Material for this task:

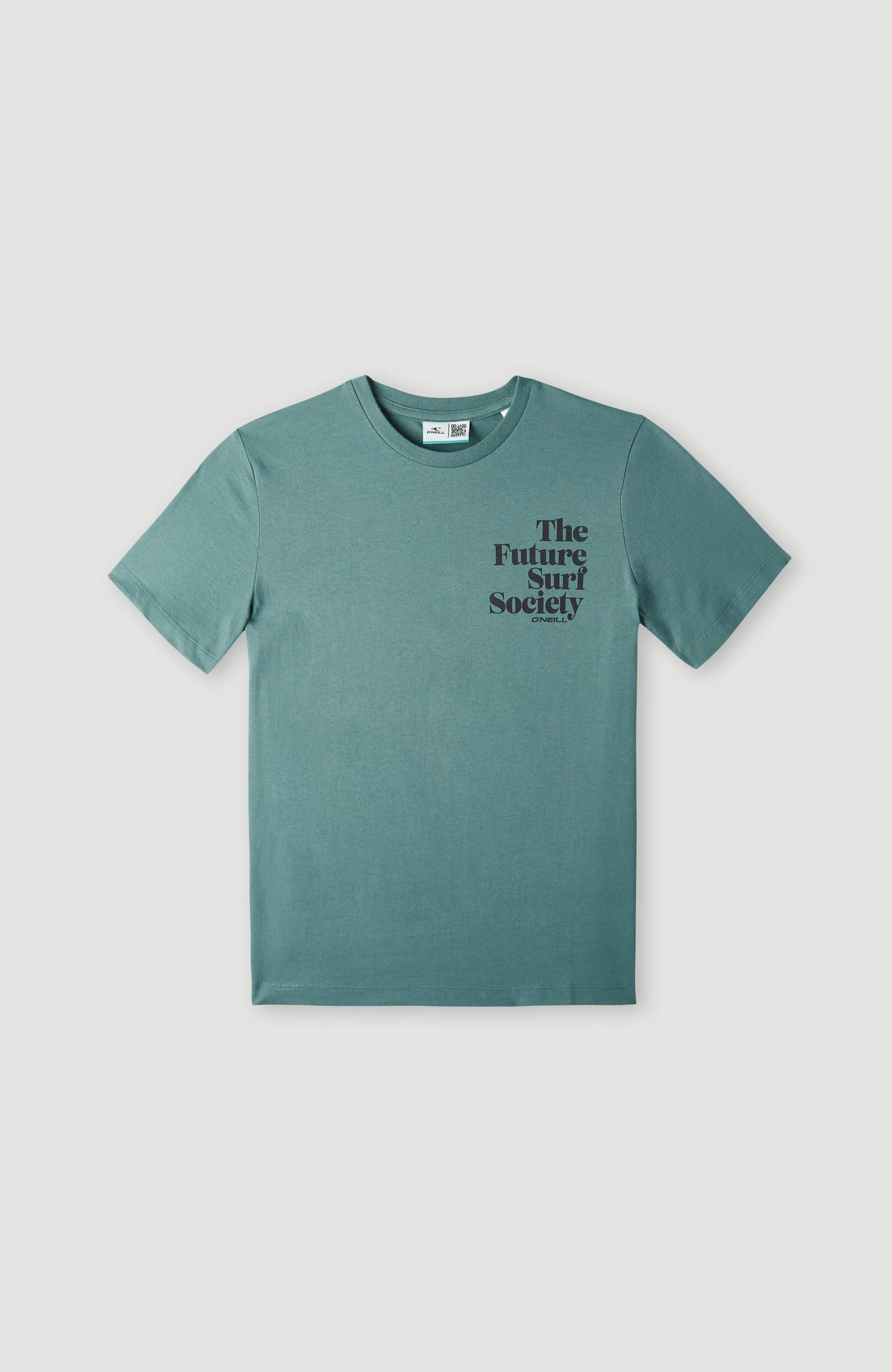 Future Surf Society T-Shirt | North Atlantic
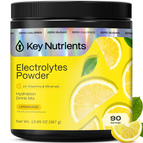 Lemonade / 90 servings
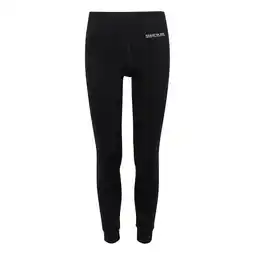 Decathlon Thermisch isolerende rekbare broek voor vrouwen aanbieding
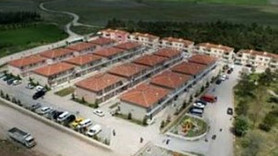 Sandıklı Hüdai Kaplıcaları işyeri ihalesi 8 Eylül'de!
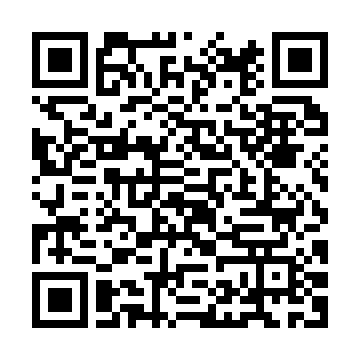 Scan this QR code to open your appointment details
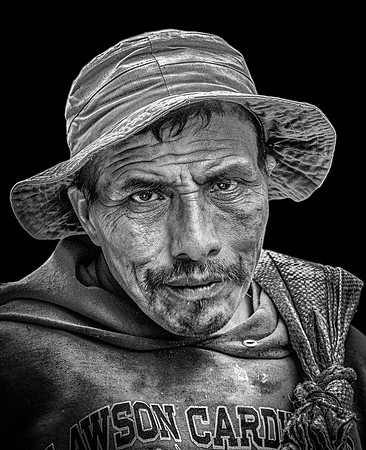 Peasant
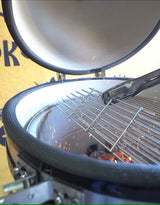 21” Kamado Ceramic Grill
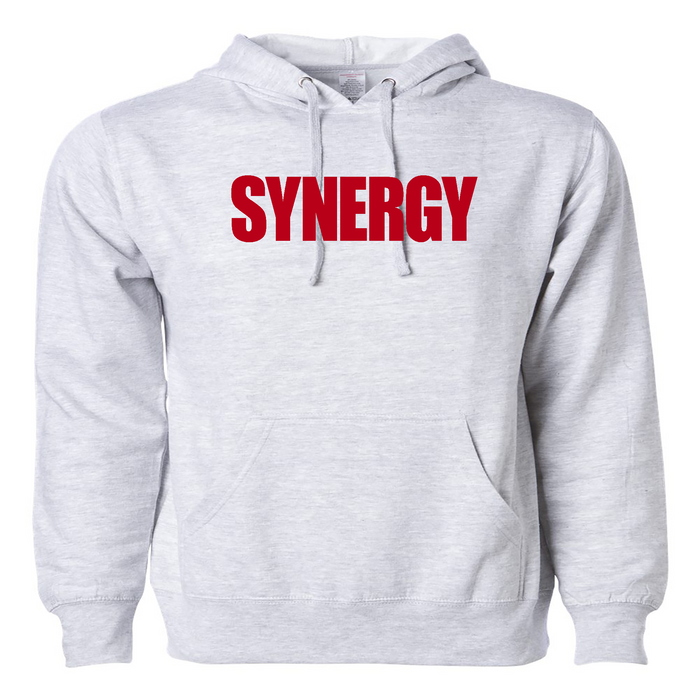 CrossFit Saskatoon Synergy Mens - Hoodie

Task description: Drop the pictures, then reproduce exactly the lines from the one with "Lemonade / 90 servings" through the final line of the listing.

Task solution:
 Lemonade / 90 servings
 Decathlon Thermisch isolerende rekbare broek voor vrouwen aanbieding
 Sandıklı Hüdai Kaplıcaları işyeri ihalesi 8 Eylül'de!
 Scan this QR code to open your appointment details
 Peasant
 21” Kamado Ceramic Grill
 CrossFit Saskatoon Synergy Mens - Hoodie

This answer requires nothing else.